The Democratic National Committee collected at least $10.3 million in contributions specifically earmarked for the event since 2019, with much of it coming from corporate leaders, or political action committees tied to business and labor, campaign finance disclosures show. That’s far less than the at least $35 million the Republican National Committee raised for their similarly downsized convention since Trump took office.
But Democratic convention fundraising was likely impeded by the pandemic because Biden only secured a lock on the nomination once the likelihood of holding a massive in-person event in Milwaukee was in doubt.
Either way, the big money, much from corporate sponsors, won’t be reported by local host committees for both political parties until well after both conventions are held.

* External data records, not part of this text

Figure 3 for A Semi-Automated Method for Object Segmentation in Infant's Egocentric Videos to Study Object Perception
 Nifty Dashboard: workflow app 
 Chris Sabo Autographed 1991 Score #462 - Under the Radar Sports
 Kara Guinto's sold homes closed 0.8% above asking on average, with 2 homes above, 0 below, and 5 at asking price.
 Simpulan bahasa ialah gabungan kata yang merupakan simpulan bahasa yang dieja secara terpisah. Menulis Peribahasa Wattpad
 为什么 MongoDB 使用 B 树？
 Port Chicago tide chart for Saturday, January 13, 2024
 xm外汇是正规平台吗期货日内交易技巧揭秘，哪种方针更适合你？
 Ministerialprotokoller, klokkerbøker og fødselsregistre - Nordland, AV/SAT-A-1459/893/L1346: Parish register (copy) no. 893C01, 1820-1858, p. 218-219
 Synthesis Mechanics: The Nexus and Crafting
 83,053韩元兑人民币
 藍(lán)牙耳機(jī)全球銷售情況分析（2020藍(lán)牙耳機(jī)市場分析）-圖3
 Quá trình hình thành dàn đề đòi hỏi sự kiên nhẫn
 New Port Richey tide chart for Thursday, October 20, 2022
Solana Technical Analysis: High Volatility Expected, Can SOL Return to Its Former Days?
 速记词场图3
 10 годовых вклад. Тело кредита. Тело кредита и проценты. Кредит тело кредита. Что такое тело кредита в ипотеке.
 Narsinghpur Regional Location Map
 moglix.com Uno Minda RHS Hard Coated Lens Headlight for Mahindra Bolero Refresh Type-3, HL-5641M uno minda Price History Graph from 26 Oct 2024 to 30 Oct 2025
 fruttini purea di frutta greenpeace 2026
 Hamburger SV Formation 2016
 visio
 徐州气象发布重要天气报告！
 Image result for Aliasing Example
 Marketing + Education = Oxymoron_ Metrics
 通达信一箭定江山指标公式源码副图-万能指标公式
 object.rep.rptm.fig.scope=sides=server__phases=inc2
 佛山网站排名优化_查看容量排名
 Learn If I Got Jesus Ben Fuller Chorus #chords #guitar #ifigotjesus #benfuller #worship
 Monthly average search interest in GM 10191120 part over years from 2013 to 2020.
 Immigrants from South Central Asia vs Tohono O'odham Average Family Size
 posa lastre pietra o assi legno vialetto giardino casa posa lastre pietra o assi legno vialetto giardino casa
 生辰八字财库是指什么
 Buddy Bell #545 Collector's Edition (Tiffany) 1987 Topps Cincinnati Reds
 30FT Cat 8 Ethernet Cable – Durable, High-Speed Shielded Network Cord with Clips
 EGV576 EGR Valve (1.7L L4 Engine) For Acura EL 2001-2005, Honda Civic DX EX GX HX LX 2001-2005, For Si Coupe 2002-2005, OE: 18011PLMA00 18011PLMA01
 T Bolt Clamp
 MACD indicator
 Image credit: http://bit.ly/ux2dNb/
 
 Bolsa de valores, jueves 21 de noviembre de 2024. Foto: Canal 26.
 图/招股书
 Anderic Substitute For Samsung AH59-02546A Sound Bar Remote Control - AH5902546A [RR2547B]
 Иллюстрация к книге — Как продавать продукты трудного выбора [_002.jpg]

Democrats have had an at times rocky relationship with the influence industry. Under President Barack Obama, contributions from lobbyists were restricted. That was eased in 2015, after Hillary Clinton launched her bid for the White House.
Some still don’t welcome the change.
Brent Welder, a Bernie Sanders supporter who sits on the DNC’s bylaws and rules committee, says he ran into stiff resistance after he recently proposed banning lobbyists from being members of the DNC. He says the committee initially tried to bar him from bringing his proposal up for a vote, though they later acquiesced and held a vote that rejected it.
“I’ve been to conventions before and they are absolutely chock full of lobbyists influence peddling with lavish parties, intended to influence the leaders of both political parties,” said Welder, who is an attorney from Kansas City, Missouri. “The fact that it can’t happen this year is a good thing.”
To be sure, not all convention events are cancelled, among them a series of watch parties that will be held at drive-in theaters to conform with social distancing guidelines.
But when it comes to actually enlisting donors to sponsor an event, there hasn’t been much interest.
“We spent a good bit of time doing a lot of due diligence with the folks we would normally rely on to sponsor a delegation breakfast or after-hours party,” said Virginia Democratic Party Chairwoman Susan Swecker, who is also a government relations consultant. “And for a lot of them, if we don’t have an in-person event it’s hard to justify. We just moved on.”
Elemendorf, the Democratic lobbyist, echoed that sentiment
“Nobody is interested,” he said. “I’m not interested in getting on a Zoom with a member of Congress and I’m sure those members of Congress are not interested in getting on a Zoom with me either.”
Some predict this could portend a future where the conventions are much smaller — and far less expensive.
“For lobbyists, I guess I understand it. But there’s really not much business going on. That’s all settled by the time you get to the convention,” said former Virginia Gov. Terry McAuliffe, who ran two conventions and is also a former DNC chairman. “Conventions are going to be changed forever. It’s going to be much more about social media and events around the country — that’s a template for the future.”